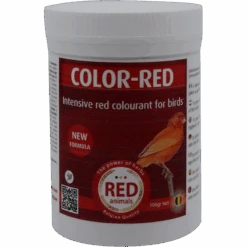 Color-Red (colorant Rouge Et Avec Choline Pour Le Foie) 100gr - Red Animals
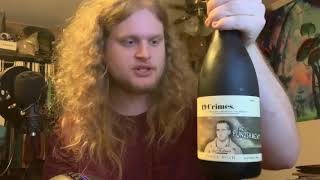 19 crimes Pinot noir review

========================================

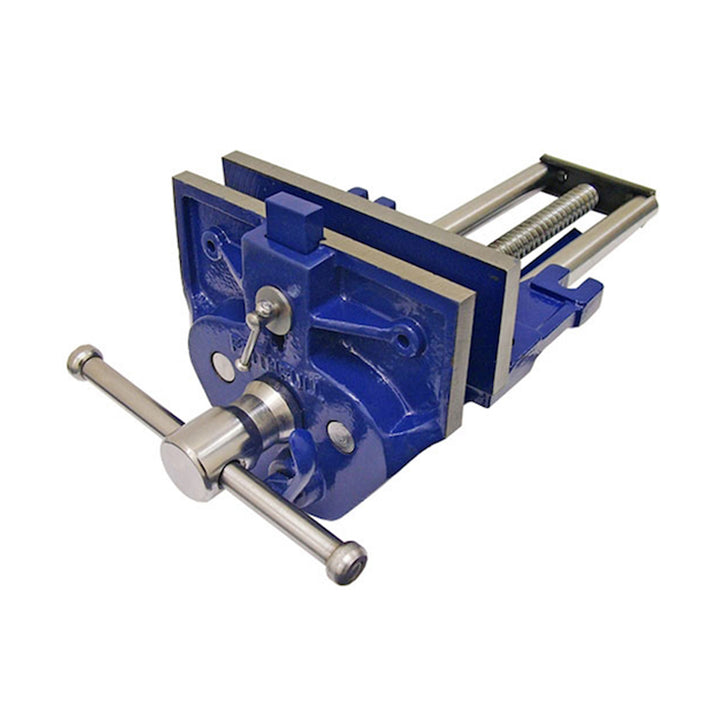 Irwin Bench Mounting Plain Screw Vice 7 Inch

========================================

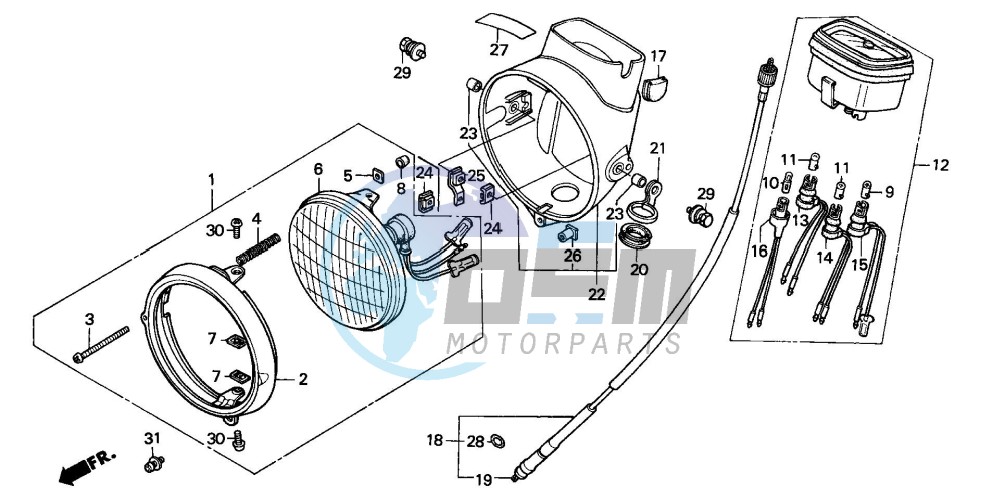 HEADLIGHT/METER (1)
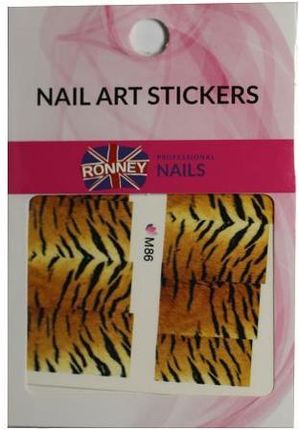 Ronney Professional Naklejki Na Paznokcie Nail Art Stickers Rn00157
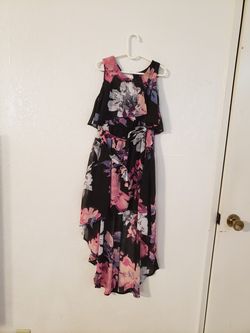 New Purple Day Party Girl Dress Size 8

========================================

§ **What the exercise asks**: In the listing above, find the line containing "Color-Red (colorant Rouge" and the line containing "19 crimes Pinot noir review"; print those lines and every line between them exactly, leaving out pictures.

§ **Result of this exercise**:
 Color-Red (colorant Rouge Et Avec Choline Pour Le Foie) 100gr - Red Animals
 19 crimes Pinot noir review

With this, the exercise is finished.